▶ Work task
Give back an exact copy of the lines in the records below, from the line that has "Vegetarian Burger with" through the line that has "A cased set", and nothing besides.

----- Material shown -----

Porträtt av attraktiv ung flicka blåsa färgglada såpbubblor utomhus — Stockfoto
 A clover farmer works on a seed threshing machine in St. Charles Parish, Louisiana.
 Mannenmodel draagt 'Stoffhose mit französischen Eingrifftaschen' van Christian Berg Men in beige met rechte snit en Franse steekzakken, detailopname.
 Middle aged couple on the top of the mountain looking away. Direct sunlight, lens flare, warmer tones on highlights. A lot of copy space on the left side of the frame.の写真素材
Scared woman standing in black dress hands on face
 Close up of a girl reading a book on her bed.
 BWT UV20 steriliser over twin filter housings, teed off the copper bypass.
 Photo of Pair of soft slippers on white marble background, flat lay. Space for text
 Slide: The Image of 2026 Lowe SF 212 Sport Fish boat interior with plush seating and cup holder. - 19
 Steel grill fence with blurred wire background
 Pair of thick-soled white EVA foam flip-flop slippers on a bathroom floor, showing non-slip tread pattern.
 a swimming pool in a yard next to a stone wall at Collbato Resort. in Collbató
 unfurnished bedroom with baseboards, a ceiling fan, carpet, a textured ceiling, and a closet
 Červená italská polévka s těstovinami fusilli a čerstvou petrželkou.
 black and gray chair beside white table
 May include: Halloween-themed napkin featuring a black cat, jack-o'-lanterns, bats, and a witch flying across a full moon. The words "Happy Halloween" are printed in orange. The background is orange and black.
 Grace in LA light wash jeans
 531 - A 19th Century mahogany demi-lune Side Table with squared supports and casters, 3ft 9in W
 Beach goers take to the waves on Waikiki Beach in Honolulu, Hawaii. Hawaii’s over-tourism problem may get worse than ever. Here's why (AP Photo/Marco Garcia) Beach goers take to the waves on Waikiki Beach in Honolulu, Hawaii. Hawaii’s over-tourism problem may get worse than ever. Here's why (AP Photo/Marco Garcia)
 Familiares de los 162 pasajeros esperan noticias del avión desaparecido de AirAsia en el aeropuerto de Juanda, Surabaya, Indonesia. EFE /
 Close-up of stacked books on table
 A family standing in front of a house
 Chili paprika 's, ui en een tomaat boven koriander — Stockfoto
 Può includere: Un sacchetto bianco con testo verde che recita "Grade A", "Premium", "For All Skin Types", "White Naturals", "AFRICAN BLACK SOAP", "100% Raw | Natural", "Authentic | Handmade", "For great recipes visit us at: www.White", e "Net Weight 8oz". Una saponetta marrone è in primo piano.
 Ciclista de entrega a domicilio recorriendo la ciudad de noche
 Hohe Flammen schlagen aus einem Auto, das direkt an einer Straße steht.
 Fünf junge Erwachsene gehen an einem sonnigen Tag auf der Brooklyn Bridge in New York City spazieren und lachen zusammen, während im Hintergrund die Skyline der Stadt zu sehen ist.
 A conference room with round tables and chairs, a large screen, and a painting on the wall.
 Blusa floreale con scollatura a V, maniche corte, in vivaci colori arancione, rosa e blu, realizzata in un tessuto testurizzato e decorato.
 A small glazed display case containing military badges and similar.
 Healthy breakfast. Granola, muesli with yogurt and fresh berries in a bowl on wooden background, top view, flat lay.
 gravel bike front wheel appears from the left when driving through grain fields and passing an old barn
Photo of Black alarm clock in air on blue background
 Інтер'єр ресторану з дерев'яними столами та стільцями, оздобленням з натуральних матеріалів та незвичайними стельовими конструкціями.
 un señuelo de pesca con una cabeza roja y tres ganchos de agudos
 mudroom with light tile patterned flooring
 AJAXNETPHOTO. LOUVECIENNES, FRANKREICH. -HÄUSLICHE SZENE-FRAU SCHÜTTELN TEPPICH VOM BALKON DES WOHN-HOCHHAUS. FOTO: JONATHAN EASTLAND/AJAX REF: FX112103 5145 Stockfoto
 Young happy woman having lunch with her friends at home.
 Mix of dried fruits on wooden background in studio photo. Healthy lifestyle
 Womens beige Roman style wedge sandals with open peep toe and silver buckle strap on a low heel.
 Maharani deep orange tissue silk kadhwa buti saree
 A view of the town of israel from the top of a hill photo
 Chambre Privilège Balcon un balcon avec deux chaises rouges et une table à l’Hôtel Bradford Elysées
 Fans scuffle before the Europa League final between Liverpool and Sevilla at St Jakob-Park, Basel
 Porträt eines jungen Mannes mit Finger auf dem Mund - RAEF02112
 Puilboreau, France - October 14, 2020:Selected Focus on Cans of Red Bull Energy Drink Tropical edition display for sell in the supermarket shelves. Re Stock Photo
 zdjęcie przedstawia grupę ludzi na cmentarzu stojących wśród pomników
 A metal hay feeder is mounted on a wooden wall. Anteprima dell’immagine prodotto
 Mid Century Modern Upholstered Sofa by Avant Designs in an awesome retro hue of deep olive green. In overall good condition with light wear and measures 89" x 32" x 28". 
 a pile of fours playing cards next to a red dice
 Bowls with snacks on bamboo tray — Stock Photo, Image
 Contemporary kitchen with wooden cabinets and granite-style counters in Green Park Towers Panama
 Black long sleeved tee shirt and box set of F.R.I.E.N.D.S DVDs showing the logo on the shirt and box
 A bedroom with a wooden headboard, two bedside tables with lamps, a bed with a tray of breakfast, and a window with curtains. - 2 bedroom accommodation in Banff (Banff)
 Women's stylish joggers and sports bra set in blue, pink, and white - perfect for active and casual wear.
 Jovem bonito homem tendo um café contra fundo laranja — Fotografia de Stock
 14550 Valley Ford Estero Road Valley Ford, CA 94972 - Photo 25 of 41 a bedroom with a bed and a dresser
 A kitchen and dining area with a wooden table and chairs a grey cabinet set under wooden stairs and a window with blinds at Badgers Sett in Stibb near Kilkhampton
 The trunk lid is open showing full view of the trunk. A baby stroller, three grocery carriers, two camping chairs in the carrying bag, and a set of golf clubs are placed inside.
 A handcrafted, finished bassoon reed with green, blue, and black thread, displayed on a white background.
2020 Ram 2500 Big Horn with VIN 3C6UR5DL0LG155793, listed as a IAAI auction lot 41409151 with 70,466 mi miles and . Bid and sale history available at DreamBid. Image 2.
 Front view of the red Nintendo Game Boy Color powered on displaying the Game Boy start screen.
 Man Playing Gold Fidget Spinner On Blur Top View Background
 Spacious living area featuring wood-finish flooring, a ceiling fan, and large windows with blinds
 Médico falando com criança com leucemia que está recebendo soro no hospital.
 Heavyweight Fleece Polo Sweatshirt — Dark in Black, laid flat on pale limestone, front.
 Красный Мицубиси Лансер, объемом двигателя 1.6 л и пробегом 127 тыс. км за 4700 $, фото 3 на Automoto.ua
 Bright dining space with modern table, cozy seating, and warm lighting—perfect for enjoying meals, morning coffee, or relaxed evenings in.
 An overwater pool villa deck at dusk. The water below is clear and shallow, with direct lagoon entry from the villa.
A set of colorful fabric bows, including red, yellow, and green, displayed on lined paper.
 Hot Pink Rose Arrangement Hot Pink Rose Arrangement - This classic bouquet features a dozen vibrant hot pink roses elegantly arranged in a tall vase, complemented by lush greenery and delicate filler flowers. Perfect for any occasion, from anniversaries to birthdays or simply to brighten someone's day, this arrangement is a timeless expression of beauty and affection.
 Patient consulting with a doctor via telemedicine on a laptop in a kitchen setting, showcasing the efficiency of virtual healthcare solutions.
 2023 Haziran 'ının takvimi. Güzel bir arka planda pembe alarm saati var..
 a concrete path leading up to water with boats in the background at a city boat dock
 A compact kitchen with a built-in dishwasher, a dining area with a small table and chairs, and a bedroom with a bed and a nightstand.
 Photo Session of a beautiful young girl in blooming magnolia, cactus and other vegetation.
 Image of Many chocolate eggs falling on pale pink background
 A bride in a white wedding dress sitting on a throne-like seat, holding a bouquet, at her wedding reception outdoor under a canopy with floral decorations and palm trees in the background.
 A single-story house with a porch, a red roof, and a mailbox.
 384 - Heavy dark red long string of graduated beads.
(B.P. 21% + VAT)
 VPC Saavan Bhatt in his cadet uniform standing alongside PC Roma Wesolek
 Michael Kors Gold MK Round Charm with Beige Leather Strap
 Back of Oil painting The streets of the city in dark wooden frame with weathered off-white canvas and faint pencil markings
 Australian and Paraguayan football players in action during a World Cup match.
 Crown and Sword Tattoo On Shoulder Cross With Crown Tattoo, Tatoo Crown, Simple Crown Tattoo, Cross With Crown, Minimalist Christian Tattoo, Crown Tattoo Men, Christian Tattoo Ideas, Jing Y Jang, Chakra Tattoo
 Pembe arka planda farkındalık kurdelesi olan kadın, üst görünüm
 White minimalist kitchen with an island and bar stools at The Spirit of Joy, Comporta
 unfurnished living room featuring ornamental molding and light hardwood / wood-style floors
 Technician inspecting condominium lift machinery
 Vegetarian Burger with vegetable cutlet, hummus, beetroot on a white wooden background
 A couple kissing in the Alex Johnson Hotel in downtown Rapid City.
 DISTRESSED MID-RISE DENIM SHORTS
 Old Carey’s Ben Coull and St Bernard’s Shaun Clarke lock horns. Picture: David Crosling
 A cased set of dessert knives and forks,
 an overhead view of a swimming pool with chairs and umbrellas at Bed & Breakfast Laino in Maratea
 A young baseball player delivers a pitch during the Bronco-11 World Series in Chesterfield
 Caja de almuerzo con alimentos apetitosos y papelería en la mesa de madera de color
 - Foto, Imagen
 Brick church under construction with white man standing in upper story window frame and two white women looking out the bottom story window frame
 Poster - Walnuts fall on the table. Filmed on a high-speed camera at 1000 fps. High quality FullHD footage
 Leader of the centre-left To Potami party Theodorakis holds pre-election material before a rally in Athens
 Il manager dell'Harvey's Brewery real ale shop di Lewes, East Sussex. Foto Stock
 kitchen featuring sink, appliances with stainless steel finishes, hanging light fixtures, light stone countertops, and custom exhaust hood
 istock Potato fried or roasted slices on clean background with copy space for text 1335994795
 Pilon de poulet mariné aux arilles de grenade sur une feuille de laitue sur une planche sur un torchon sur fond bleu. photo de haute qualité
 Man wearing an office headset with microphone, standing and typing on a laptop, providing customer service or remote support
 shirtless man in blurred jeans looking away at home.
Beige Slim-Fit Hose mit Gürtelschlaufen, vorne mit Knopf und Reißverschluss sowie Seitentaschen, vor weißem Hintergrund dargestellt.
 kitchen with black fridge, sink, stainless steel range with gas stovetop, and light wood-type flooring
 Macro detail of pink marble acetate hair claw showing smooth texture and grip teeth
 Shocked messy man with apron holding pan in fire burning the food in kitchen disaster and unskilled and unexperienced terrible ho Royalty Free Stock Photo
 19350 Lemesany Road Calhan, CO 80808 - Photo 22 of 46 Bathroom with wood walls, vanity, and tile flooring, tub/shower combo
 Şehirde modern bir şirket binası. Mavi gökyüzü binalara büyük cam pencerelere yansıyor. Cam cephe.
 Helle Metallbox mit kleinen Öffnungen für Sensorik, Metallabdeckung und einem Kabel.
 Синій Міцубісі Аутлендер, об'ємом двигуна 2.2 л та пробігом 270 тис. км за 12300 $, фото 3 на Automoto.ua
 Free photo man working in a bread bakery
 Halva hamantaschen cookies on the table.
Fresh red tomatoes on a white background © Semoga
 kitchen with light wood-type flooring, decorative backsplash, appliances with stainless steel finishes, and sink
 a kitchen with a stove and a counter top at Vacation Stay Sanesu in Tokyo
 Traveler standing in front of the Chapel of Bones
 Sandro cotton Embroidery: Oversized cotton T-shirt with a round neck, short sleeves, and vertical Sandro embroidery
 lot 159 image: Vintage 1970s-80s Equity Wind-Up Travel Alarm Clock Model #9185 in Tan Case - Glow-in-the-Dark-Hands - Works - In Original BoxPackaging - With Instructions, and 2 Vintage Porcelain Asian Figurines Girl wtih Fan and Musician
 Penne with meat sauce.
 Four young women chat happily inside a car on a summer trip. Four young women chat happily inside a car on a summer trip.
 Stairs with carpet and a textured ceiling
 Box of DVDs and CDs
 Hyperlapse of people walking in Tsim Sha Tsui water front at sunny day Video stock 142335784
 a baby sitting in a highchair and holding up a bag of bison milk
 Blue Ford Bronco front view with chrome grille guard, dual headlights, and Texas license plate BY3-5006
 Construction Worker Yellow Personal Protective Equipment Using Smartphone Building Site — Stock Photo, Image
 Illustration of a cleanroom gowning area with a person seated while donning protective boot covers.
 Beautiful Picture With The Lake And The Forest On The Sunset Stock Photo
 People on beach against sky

-----

▶ Exercise response
 Vegetarian Burger with vegetable cutlet, hummus, beetroot on a white wooden background
 A couple kissing in the Alex Johnson Hotel in downtown Rapid City.
 DISTRESSED MID-RISE DENIM SHORTS
 Old Carey’s Ben Coull and St Bernard’s Shaun Clarke lock horns. Picture: David Crosling
 A cased set of dessert knives and forks,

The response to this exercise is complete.